If the court at the injunction hearing is not convinced the claimant will have enough money to pay these damages, it might order that the claimant provide “fortification”, which means the claimant has to pay money up front to show they would have money, if there is a damages award against them. This is a matter for discussion at the freezing injunction hearing, so it is not certain that it will be required. However, such fortification could be in the region of USD$ 200,000 – USD$ 300,000 in a USD$ 1 million claim. If fortification is ordered, the freezing injunction will not be granted until that money is paid into court, or a bank guarantee is provided, which is the other common option.

A very rude awakening

Imagine you are a defendant in a case, and you receive a Whatsapp message which tells you that:

  1. The message contains a court order from the High Court in England.
  2. The order is freezing your bank accounts.
  3. The order is restricting the way in which you can manage your company.
  4. You must report all payments made by your company over USD$ 10,000 from now on the court.
  5. You must give details of all your assets both bank accounts and physical over USD$10,000, to the court.
  6. If you do not comply, you will be in contempt of court and at risk of going to prison.

This is a summary of what a freezing injunction means. It is, therefore, an extremely useful negotiating tool because once the defendant receives this message, they might decide it is easier to do a deal with you, the claimant, than comply with this.

Penal Notice: Threat of committal proceedings (ie prison!) as a negotiation tool

The standard form of court order which the defendant will receive in the post or by email or Whatsapp says at the top:

“If you [INSERT DEFENDANT’S NAME] disobey this order you may be held to be in contempt of Court and may be imprisoned, fined or have your assets seized.

Any other person who knows of this order and does anything which helps or permits the Respondent to breach the terms of this order may also be held to be in contempt of Court and may be imprisoned, fined or have their assets seized.”

Therefore, the freezing injunction can apply not just to the defendant, but also (second paragraph) to anyone who might help the defendant.

One vitally important aspect of the freezing injunction is that it carries the possibility that a director who does not comply with his company’s obligations under the order can be at risk of committal in England, ie prison. This is immediately evident from the order which is used for the freezing injunction.

If there is a threat such as this that the people behind the defendant company will go to prison, then it is much more likely that the claimant will be paid.

By prison sentences in this context, we mean a committal order which could be obtained as a result of separate civil proceedings against the responsible individuals for contempt of Court. The advantage of these proceedings over criminal proceedings is that the claimant retains full control over the process. The proceedings can be terminated at any time by the claimant, for example, if the parties reach a settlement. By contrast, when one files a criminal complaint the matter is managed by state prosecution authorities who may decide to proceed to charge the responsible individuals even if the underlying civil dispute settles.

Freezing of bank accounts

The most important part of the order is obviously the part which says that xyz company’s bank account at ABC Bank, IBAN 123456789 can be frozen. This is the part which allows the claimant’s lawyers to write to ABC Bank and make them aware of the order.

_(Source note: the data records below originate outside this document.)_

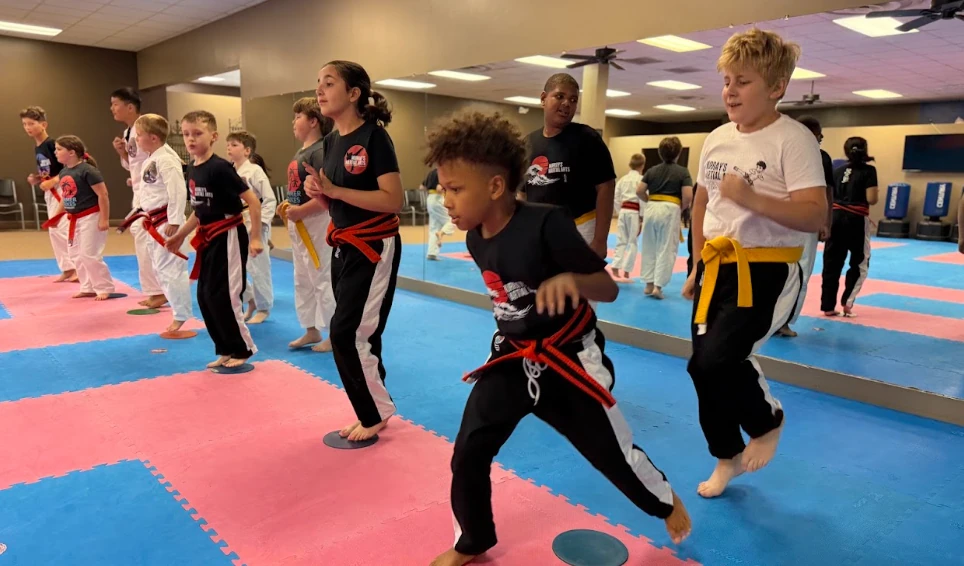 Children practicing footwork and balance drills on padded mats at Greece NY karate dojo.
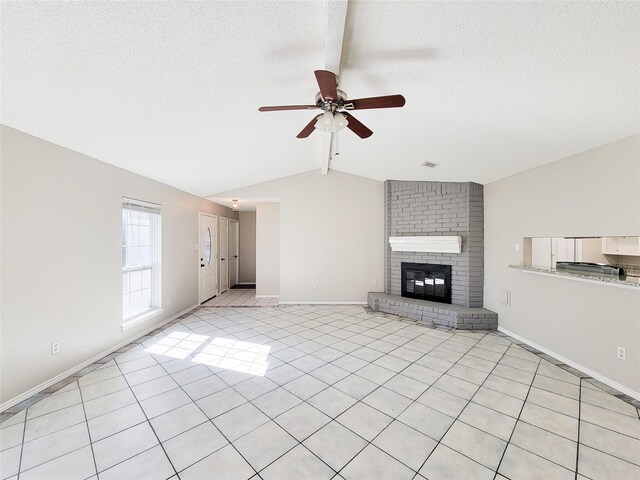 unfurnished living room featuring lofted ceiling with beams, a textured ceiling, light tile patterned floors, ceiling fan, and a fireplace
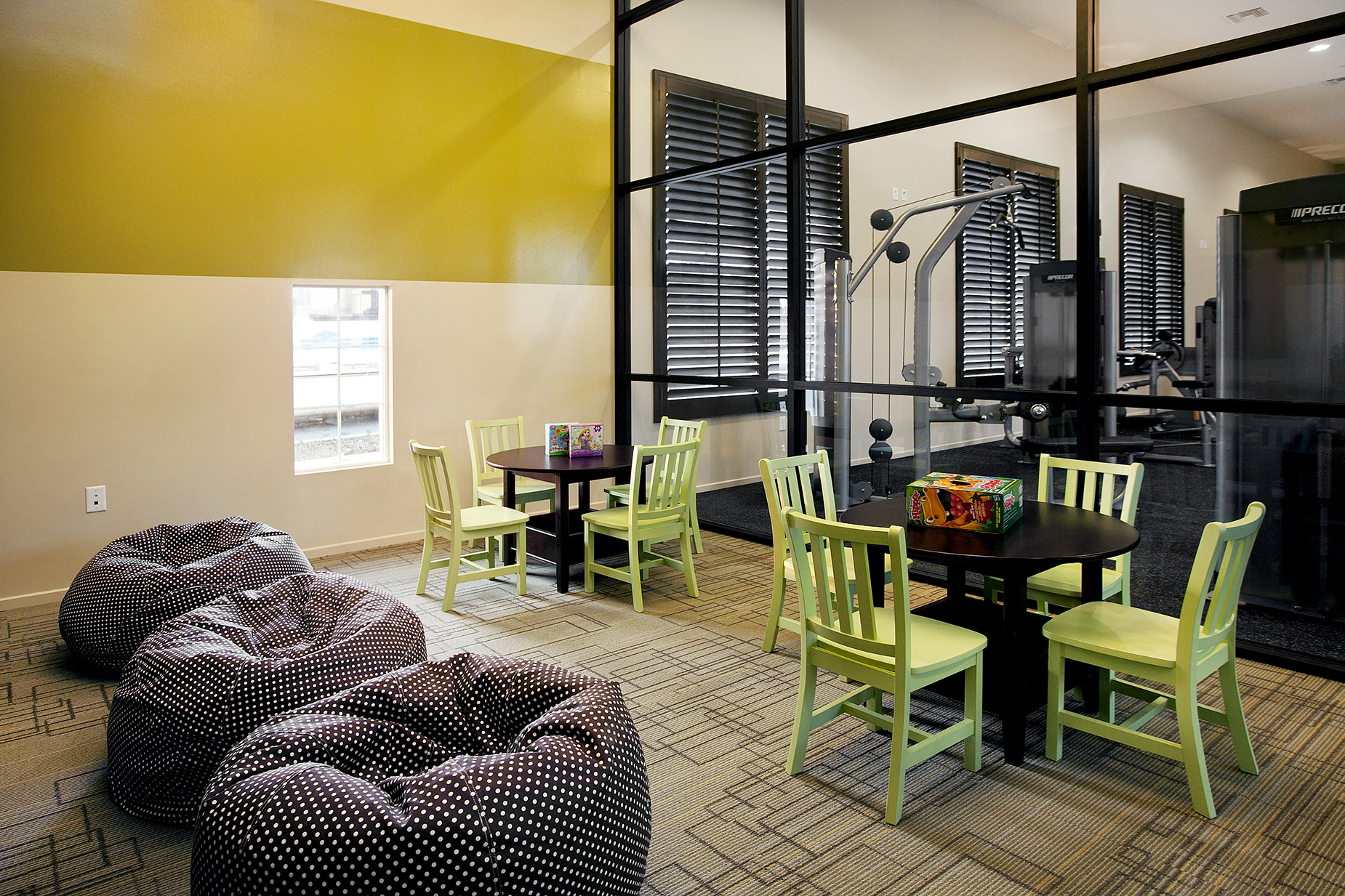 a living room with a table and chairs and a couch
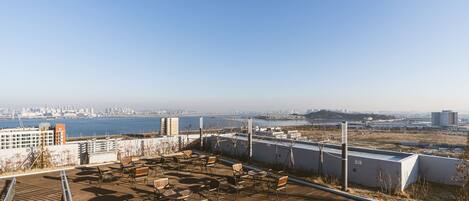 Terraza en la azotea con mobiliario exterior y vistas al horizonte de la ciudad y al agua.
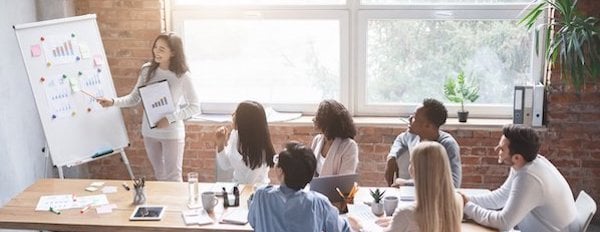 Business owner stands and points at a board with graphs on it during team meeting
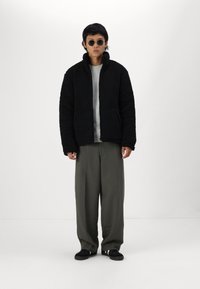 Veste en polaire noire texturée avec col montant, poches avant, portée sur un pull à côtes gris et un pantalon large olive. Chaussures noires.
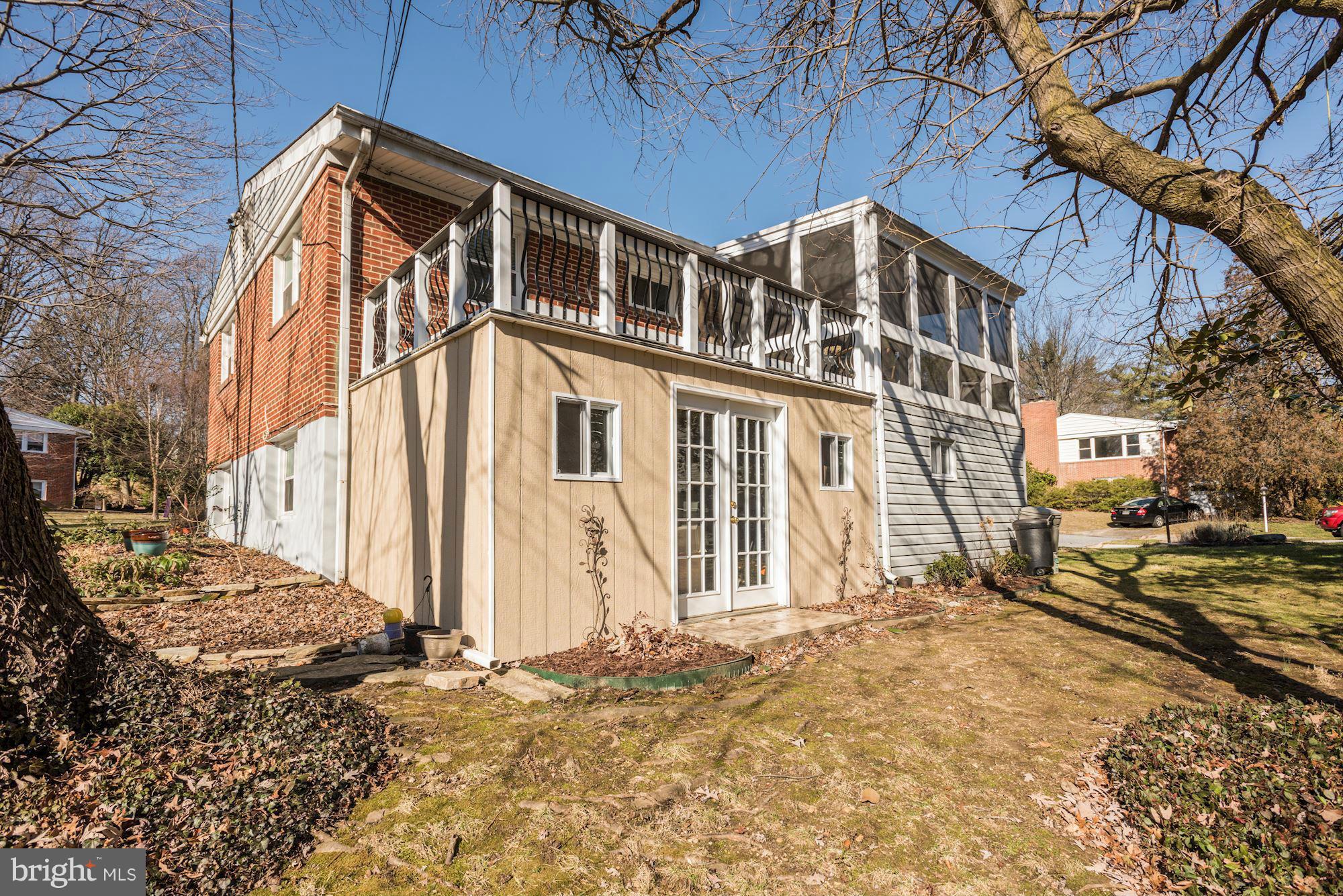6705 Maxalea Road Baltimore, MD 21239 - Photo 29 of 30 a view of a house with a yard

However, there are other provisions in the order too.

Obligation to inform the court of the existence of assets over a certain amount

The following wording in the order obliges the defendant to inform the claimant’s lawyers about its assets. It says the defendant:

“must [within [] hours/days] of service of this order] and to the best of his ability inform the Applicant’s solicitors of all its, her or his assets [in England and Wales] [worldwide] [exceeding £ in value1 ] whether in its, her or his own name or not and whether solely or jointly owned, giving the value, location and details of all such assets.”

This wording means that the defendant is obliged to tell the claimant’s lawyers and the court about its assets, worldwide, up to certain amounts. This includes all their bank accounts worldwide.

The type of assets this would include are not just cash in bank accounts but include corporate vehicles (so for example, the director’s own Porsche, if it is registered as a company car).

The above wording states that the defendant company must inform the court of the assets. This is done in a sworn statement called an affidavit. The director has to list the relevant assets in the affidavit. Since this is a sworn court document, the claimant can apply for an order compelling the director to testify in court on the basis of what it says in this document. In other words, the director has to come to London and tell a judge in person that what he or she has said in the statement is true. If the director is found to be lying, they will be in contempt of court and will risk prison. It goes without saying that this is an extremely powerful aspect of this procedure.

Obligation to inform the court of movements of cash over a certain amount

There is also the following wording in the order in relation to the movement of assets:

“This Order does not prohibit the Respondent from dealing with or disposing of any assets in the ordinary course of business, but before spending any sum in excess of [GBP / USD] in respect of a single item of expenditure, the Respondent must tell the Applicant’s legal representatives.”

The order freezes the defendant’s bank account up to a certain amount which the judge decides when it is obtained. This is usually an amount which is as close to what the overall claim is logically likely to be.

However, as part of the Order, there is an obligation on the defendant to tell the claimant if it plans to spend money up to a certain amount.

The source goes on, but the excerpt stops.